===== DATA EXCERPTS

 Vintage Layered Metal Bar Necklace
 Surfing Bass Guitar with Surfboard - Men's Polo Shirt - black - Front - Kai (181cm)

==========
===== DATA EXCERPTS

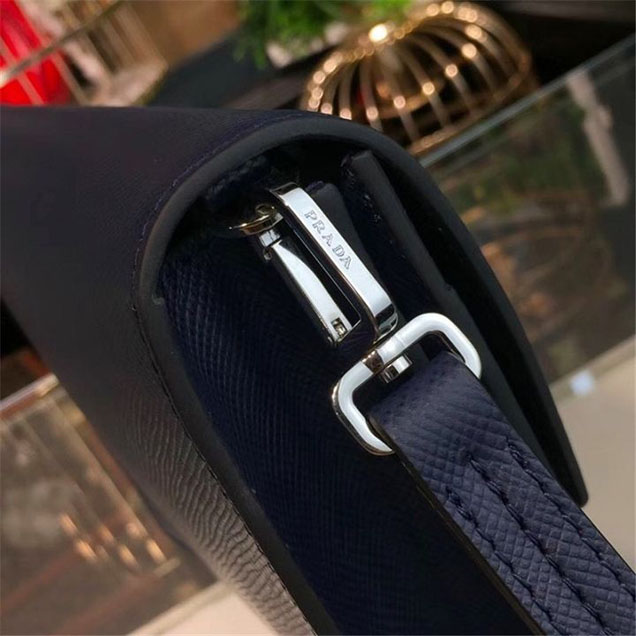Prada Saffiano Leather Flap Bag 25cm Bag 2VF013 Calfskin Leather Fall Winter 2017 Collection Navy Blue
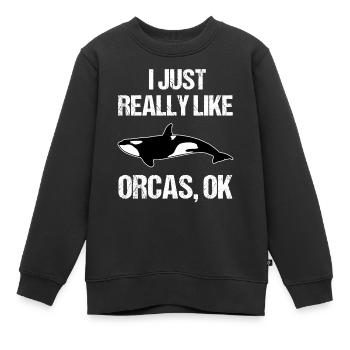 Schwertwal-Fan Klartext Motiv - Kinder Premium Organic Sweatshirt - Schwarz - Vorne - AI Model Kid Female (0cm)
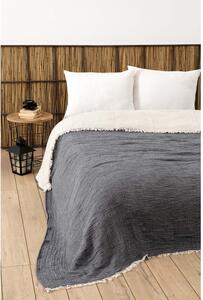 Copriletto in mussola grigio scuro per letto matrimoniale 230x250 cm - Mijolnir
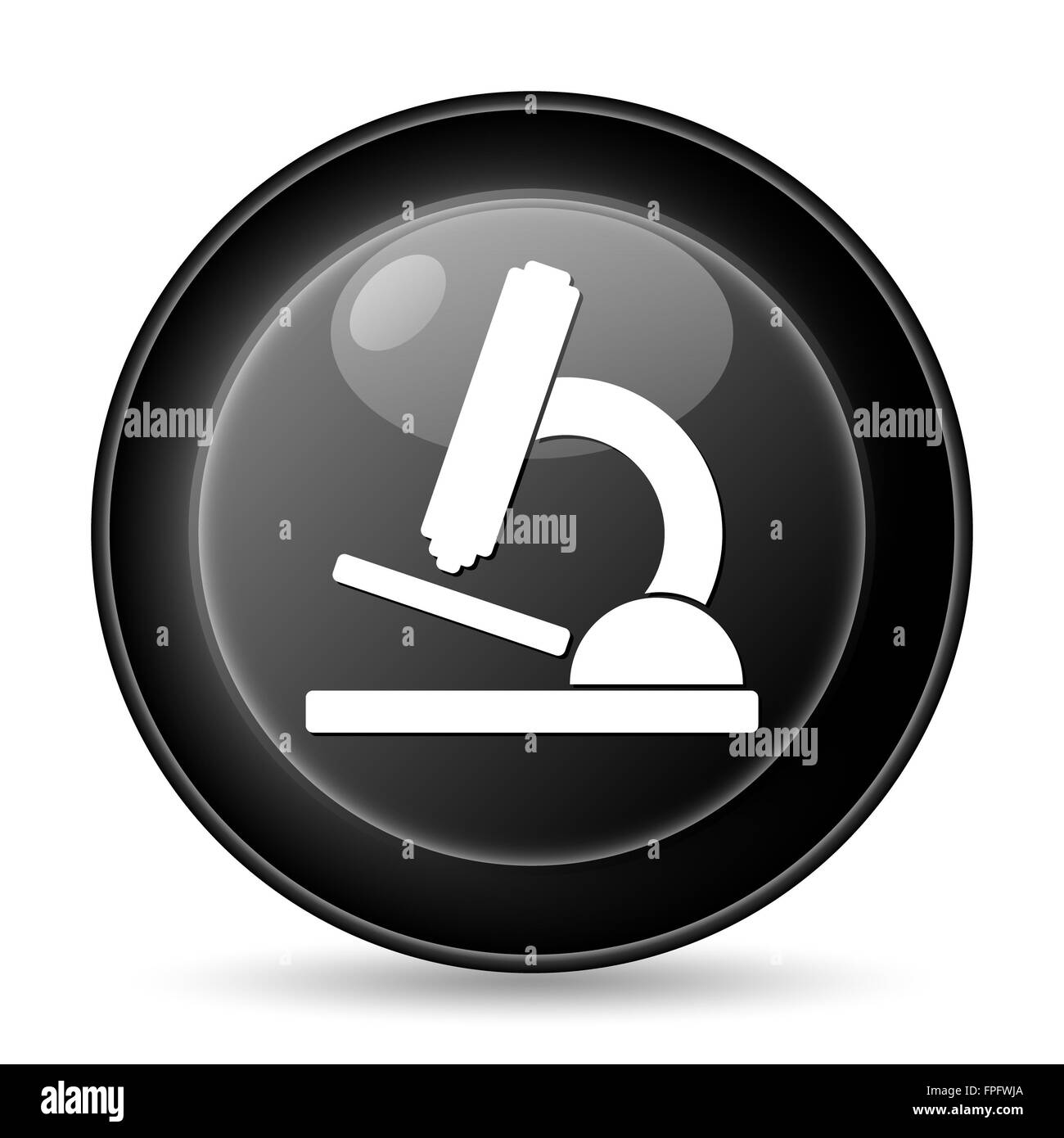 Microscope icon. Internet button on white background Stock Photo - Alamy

==========
===== DATA EXCERPTS

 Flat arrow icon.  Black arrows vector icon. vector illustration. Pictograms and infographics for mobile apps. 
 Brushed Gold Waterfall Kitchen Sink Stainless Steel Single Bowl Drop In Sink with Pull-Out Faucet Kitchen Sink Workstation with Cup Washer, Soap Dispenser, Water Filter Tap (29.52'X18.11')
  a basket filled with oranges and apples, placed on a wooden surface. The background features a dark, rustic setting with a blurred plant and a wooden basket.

==========

**TO DO**
Beginning with the line above that contains "Vintage Layered Metal Bar Necklace", copy each line exactly up to and including the line that contains "Surfing Bass Guitar", and go no further.

**RESULT FOR THIS EXERCISE**
 Vintage Layered Metal Bar Necklace
 Surfing Bass Guitar with Surfboard - Men's Polo Shirt - black - Front - Kai (181cm)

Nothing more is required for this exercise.